Skwalan w kosmetykach

Przyglądając się kolejnym kosmetykom trudno nie dostrzec tego, że systematycznie rośnie liczba tych, które bazują na skwalanie. Czas więc przyjrzeć się mu bliżej. Czy rzeczywiście jest w stanie zrewolucjonizować branżę kosmetyczną? A może mamy do czynienia po prostu z modą, która pojawiła się nagle, aby tak samo nagle przeminąć?

Skwalan – próba definicji

Skwalan jest organicznym związkiem chemicznym będącym nasyconą postacią węglowodoru alifatycznego – skwalenu. Znajduje się w składzie każdego ludzkiego sebum. W kosmetologii występuje w postaci surowca pochodzenia roślinnego. Może być wytwarzany z oliwek, dożą popularnością cieszy się jednak również skwalan pochodzący z trzciny cukrowej. Skwalan przyjmuje postać cieczy. Jego konsystencja sprawia, że można zaliczać go do lekkich, suchych olejów. Nie pozostawia na skórze tłustej warstwy, a do tego jego stosowanie nie wiąże się z ryzykiem zatykania ujść gruczołów łojowych, co zwykle prowadzi do postwania wyprysków. Można go stosować pielęgnując nawet bardzo wymagającą skórę, co z pewnością również ma wpływ na rosnącą popularność, jaką się cieszy.
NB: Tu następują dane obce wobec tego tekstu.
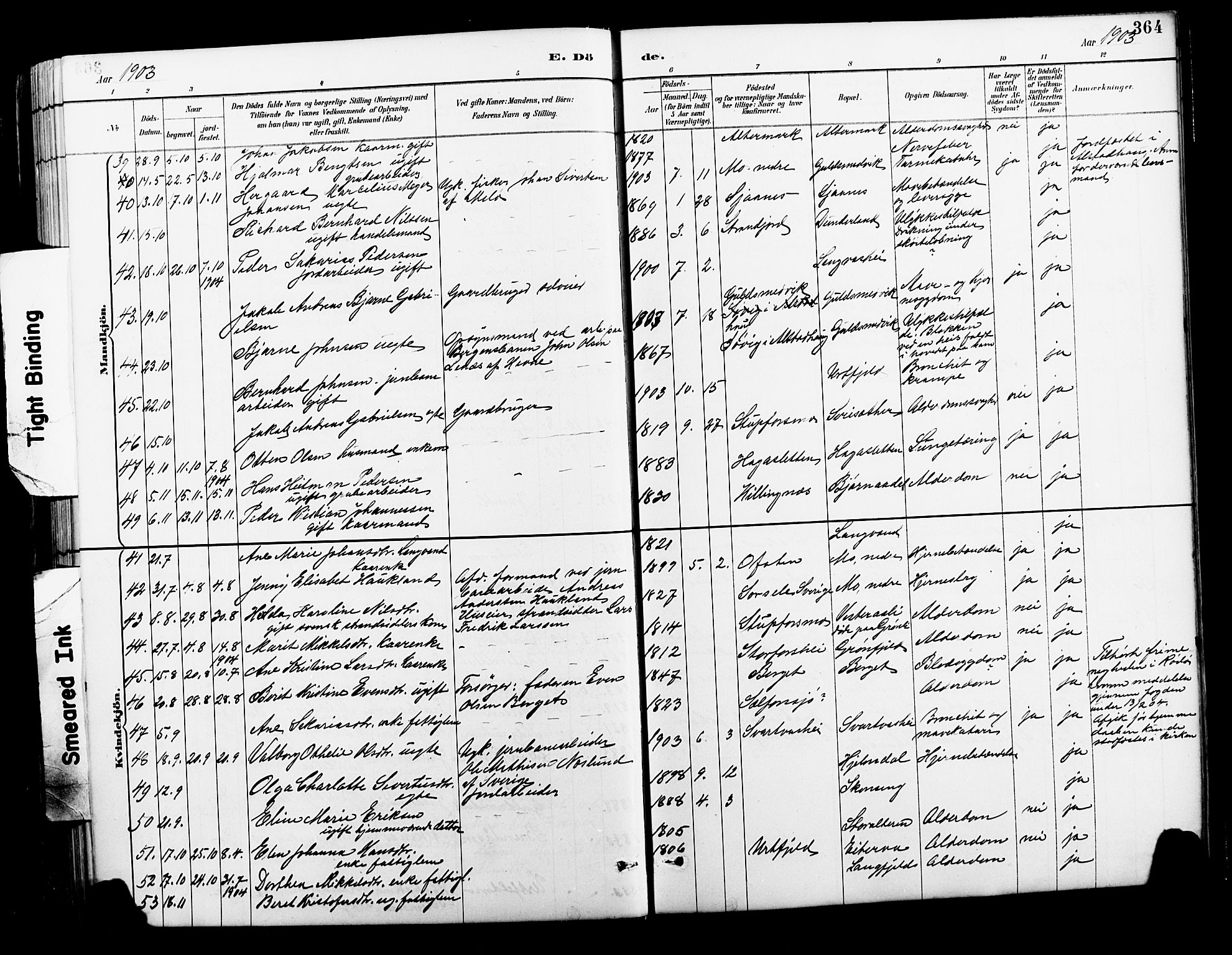 Ministerialprotokoller, klokkerbøker og fødselsregistre - Nordland, SAT/A-1459/827/L0421: Parish register (copy) no. 827C10, 1887-1906, p. 364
Skwalan i jego właściwości

Skwalan to związek o szerokim spektrum właściwości, z których niemal każda musi przypaść do gustu osobom zainteresowanym skutecznymi kosmetykami. Na pierwszy plan wysuwa się to, że ma działanie ujędrniające, natłuszcza i nawilża, a jednocześnie spowalnia tempo, w jakim ujawniają się kolejne zmarszczki. Można na niego liczyć także wtedy, gdy chce się rozjaśnić skórę albo zwiększyć jej elastyczność. Cechy skwalanu sprawiają, że sprawdza się zarówno w kosmetykach do skóry młodej, jak i w tych, które są cenione przez właścicielki cery dojrzałej.

Okazuje się zresztą, że nie tylko skóra twarzy może zyskać dzięki kontaktowi z nim. Skwalan jest niezastąpiony także wtedy, gdy chcemy poprawić kondycję naszych włosów. Pozwala na ich nawilżanie i natłuszczanie, przyczynia się jednak również do tego, że włosy stają się o wiele mniej łamliwe. W odżywkach ułatwia też transportowanie składników odżywczych, dzięki czemu kosmetyk ten staje się bardziej wydajny.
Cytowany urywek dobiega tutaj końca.